We found improvements in the hyperoxia-induced decreased alveolarization in neonatal mice when iNO was added to the hyperoxic exposure. In human studies to date, iNO has shown less clear-cut benefit in preventing BPD (22,23). It may be that our model of hyperoxia-induced arrested alveolarization does not capture all of the factors that underlie the pathogenesis of BPD, such as preterm birth, mechanical ventilation, intrauterine exposure to inflammation, poor nutrition, etc (24). In the clinical setting, BPD may require a more complex interaction of these various factors than exposure to supplemental O2 alone. Alternatively, it may be that the studies to date have failed to show consistent reductions in BPD incidence due to timing of the initiation of iNO, the dose of iNO, and/or the duration of iNO (22,23). Finally, it is important to note that BPD is defined by a requirement for supplemental O2 therapy after preterm birth (25). Thus, it may be that BPD is actually several different lung phenotypes, including but not limited to decreased alveolarization.
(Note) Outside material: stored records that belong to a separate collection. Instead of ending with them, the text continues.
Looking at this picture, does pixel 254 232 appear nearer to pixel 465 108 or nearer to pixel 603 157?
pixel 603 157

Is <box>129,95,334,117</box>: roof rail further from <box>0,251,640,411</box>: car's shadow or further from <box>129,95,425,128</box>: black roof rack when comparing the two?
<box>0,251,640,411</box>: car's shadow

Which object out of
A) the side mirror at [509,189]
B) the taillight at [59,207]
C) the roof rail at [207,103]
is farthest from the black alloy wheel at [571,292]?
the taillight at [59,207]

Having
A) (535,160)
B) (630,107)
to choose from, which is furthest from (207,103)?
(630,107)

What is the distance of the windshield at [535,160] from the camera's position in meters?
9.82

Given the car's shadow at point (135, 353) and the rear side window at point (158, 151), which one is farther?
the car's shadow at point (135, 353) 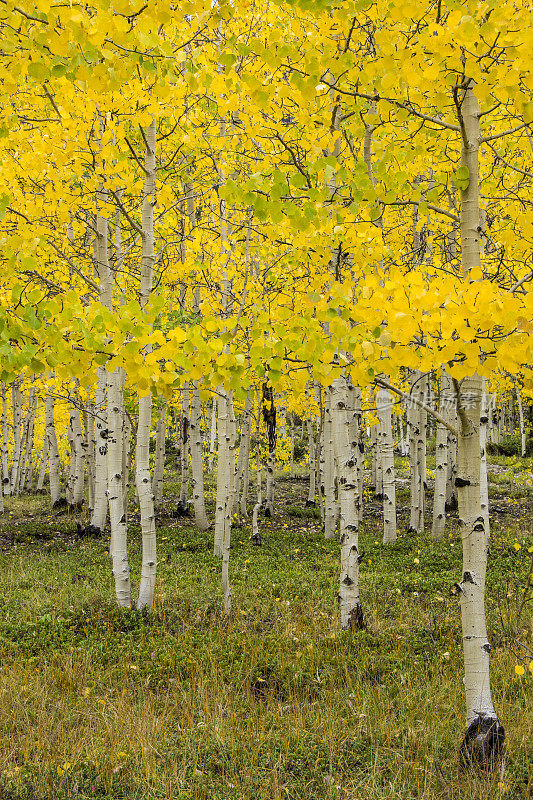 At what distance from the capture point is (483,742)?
9.80ft

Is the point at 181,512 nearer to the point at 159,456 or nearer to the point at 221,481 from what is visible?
the point at 159,456

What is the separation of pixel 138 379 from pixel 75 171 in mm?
4048

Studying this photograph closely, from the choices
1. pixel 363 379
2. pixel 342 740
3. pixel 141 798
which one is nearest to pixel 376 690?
pixel 342 740

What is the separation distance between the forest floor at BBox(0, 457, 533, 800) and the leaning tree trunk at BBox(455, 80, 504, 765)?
0.59ft

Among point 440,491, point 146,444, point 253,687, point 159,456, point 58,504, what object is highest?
point 146,444

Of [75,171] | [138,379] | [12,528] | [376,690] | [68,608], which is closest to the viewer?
[138,379]

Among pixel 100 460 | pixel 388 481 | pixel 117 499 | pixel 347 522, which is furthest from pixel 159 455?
pixel 347 522

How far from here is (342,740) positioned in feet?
11.1

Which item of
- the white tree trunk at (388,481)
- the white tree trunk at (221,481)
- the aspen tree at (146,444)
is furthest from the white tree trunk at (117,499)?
the white tree trunk at (388,481)

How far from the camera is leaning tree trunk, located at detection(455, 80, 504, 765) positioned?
3014 mm

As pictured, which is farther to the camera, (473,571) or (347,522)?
(347,522)

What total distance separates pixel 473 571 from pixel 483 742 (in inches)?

In summary, exposure to hyperoxia resulted in a decrease in alveolar number in the neonatal mouse lung, and exposure to hyperoxia and iNO prevented the hyperoxia-induced decrease in alveolar number. We found that hyperoxia resulted in up-regulation of ICAM-1 and MCP-1 in the neonatal lungs, which resulted in the recruitment of neutrophils and macrophages to the lungs. This pattern of hyperoxia-induced adhesion molecule expression and neutrophil and macrophage recruitment was prevented by adding iNO to the hyperoxic exposure. Up-regulation of adhesion molecule expression in the lung by hyperoxia may represent a novel site of action of iNO in vivo that could direct further clinical therapeutics to reduce the incidence of chronic lung disease in neonates.